The ancestors of the whales (probably predatory Creodonta) evolved into aquatic animals almost 60 million years ago. A total of 127 genera of extinct whales are known. Fossil remains of the most ancient whales (archaeocetes) are known from the Lower Eocene epoch. Dating from the Upper Eocene are fossils of primitive toothed whales (Squalodontidae), and from the Middle Oligocene, fossils of the most ancient toothless whales (Cetotheriidae). The right and rorqual whale families appeared in the Miocene epoch. In the USSR fossil whales have been found in Lower Oligocene strata in the Caucasus and in Upper Miocene strata in Moldavia, the Crimea, and the Caucasus.

Whaling is regulated by the International Whaling Commission. Because of the complete ban on hunting certain toothless whales, the number of them has tended to increase.

REFERENCES

Sleptsov, M. M. Kitoobraznye dal’nevostochnykh morei, 2nd ed.

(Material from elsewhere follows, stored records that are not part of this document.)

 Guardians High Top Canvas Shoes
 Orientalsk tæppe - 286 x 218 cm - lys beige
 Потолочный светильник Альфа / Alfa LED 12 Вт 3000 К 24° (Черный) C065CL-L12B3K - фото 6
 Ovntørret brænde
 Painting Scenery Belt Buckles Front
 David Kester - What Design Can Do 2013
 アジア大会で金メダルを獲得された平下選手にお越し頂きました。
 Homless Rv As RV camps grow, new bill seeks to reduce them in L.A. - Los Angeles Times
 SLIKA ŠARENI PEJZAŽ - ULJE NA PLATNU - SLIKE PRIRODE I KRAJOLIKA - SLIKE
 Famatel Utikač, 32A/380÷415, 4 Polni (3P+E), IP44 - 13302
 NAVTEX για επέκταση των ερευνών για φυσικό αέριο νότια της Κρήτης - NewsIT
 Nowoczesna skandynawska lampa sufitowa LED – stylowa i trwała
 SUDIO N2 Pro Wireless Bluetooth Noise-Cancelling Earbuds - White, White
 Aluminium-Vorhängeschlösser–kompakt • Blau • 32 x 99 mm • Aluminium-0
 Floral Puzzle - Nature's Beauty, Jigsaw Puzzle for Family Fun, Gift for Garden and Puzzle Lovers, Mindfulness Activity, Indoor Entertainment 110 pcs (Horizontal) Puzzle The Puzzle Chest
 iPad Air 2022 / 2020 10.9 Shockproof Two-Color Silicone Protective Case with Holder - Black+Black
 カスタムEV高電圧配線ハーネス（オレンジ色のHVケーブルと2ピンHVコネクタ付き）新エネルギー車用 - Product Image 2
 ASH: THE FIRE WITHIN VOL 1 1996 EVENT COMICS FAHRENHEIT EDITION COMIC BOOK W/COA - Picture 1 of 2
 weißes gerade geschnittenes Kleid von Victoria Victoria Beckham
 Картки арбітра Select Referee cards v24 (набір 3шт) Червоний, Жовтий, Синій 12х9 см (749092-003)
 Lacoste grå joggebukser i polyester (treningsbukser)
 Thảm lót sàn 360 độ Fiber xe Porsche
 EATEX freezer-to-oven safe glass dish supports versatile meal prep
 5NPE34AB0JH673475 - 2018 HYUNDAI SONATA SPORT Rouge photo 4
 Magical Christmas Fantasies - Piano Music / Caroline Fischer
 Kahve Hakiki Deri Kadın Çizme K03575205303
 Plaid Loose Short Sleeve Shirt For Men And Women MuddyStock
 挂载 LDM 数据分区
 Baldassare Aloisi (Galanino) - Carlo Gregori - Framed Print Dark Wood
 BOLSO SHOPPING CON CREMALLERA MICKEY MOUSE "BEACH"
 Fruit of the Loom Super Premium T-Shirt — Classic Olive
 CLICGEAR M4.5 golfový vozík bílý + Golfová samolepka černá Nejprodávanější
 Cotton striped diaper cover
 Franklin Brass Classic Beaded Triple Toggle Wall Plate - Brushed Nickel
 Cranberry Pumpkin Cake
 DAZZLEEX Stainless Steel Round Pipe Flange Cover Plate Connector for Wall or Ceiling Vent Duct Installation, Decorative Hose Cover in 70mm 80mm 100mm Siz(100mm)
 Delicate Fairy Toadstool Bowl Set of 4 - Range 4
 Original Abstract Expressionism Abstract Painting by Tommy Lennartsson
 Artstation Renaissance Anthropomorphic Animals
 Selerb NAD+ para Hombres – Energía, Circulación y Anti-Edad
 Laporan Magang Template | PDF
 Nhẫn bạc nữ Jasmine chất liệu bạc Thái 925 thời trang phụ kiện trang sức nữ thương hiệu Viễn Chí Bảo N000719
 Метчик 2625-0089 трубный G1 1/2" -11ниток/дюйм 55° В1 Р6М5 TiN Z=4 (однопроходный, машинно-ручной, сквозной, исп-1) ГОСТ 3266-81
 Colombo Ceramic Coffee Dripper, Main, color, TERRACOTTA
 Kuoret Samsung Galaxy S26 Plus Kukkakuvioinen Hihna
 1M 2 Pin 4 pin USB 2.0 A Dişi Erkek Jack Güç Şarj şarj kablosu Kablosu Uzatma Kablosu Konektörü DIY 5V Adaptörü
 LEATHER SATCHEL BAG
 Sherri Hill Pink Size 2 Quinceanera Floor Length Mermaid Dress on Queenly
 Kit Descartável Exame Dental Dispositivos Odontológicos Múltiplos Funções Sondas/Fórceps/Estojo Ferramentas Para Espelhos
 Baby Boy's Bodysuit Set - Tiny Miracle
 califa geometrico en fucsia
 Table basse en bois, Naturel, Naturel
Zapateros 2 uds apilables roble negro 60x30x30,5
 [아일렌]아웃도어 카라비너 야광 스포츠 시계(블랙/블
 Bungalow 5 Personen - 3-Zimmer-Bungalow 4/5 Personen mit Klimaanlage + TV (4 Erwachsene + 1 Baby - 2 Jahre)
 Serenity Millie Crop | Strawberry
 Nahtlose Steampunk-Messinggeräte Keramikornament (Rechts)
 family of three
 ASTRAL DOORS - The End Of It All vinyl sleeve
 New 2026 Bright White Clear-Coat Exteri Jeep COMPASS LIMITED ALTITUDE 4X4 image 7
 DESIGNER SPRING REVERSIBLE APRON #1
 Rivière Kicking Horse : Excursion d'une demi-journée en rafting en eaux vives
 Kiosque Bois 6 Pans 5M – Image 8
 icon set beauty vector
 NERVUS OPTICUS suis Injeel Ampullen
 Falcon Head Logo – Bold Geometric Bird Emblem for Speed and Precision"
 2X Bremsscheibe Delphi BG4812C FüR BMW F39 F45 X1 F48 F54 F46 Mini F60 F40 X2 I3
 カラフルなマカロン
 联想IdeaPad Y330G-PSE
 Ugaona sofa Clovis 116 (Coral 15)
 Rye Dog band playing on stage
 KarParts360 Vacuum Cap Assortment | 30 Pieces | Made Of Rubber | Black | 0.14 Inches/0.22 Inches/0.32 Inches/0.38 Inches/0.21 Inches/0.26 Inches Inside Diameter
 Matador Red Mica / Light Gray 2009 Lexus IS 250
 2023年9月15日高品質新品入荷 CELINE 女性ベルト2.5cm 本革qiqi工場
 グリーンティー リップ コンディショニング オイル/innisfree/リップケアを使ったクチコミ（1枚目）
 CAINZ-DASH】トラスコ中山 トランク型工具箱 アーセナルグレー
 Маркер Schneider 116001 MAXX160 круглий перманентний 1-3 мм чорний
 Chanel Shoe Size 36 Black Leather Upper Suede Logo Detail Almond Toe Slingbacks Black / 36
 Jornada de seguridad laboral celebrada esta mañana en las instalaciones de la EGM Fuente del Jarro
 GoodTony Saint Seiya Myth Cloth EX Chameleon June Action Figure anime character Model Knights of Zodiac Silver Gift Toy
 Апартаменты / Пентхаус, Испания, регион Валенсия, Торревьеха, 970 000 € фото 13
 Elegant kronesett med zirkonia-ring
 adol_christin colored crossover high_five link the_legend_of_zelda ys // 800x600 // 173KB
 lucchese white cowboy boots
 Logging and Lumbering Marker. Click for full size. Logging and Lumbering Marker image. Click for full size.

Vladivostok, 1955.
Tomilin, A. G. Kitoobraznye. Moscow, 1957. (Zveri SSSR i prilezhashchikh stran, vol. 9.)
Tomilin, A. Kitoobraznye fauny morey SSSR. Moscow, 1962.
Zemskii, V. A. Kity Antarktiki. Kaliningrad, 1962.
Zhizn’ zhivotnykh, vol. 6. Moscow, 1971.
Iablokov, A. V., V. M. Bel’kovich, and V. I. Borisov. Kity i del’finy. Moscow, 1972.
Slijper, E. J. Whales. London, 1962.
Whales, Dolphins, and Porpoises. Edited by K. S. Norris. Berkeley-Los Angeles [Calif.] 1966.